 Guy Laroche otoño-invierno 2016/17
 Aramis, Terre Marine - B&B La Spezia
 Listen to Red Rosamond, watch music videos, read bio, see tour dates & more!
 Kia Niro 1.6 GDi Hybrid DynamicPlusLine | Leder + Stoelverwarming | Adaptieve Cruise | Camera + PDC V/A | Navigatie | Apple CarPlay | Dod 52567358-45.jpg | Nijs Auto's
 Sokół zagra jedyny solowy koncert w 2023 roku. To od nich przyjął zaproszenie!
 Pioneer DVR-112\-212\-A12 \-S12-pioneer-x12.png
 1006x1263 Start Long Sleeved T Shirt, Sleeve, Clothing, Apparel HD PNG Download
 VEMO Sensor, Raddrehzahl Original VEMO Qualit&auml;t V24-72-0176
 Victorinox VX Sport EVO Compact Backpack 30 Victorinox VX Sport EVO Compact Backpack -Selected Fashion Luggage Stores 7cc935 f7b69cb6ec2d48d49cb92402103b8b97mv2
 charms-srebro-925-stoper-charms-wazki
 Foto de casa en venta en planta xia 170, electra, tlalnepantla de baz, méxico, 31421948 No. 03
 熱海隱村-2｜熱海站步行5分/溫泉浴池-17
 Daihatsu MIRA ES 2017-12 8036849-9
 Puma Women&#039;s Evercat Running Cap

══════

Keep the wording exact. Give all of the records again.

## Worked solution
 Guy Laroche otoño-invierno 2016/17
 Aramis, Terre Marine - B&B La Spezia
 Listen to Red Rosamond, watch music videos, read bio, see tour dates & more!
 Kia Niro 1.6 GDi Hybrid DynamicPlusLine | Leder + Stoelverwarming | Adaptieve Cruise | Camera + PDC V/A | Navigatie | Apple CarPlay | Dod 52567358-45.jpg | Nijs Auto's
 Sokół zagra jedyny solowy koncert w 2023 roku. To od nich przyjął zaproszenie!
 Pioneer DVR-112\-212\-A12 \-S12-pioneer-x12.png
 1006x1263 Start Long Sleeved T Shirt, Sleeve, Clothing, Apparel HD PNG Download
 VEMO Sensor, Raddrehzahl Original VEMO Qualit&auml;t V24-72-0176
 Victorinox VX Sport EVO Compact Backpack 30 Victorinox VX Sport EVO Compact Backpack -Selected Fashion Luggage Stores 7cc935 f7b69cb6ec2d48d49cb92402103b8b97mv2
 charms-srebro-925-stoper-charms-wazki
 Foto de casa en venta en planta xia 170, electra, tlalnepantla de baz, méxico, 31421948 No. 03
 熱海隱村-2｜熱海站步行5分/溫泉浴池-17
 Daihatsu MIRA ES 2017-12 8036849-9
 Puma Women&#039;s Evercat Running Cap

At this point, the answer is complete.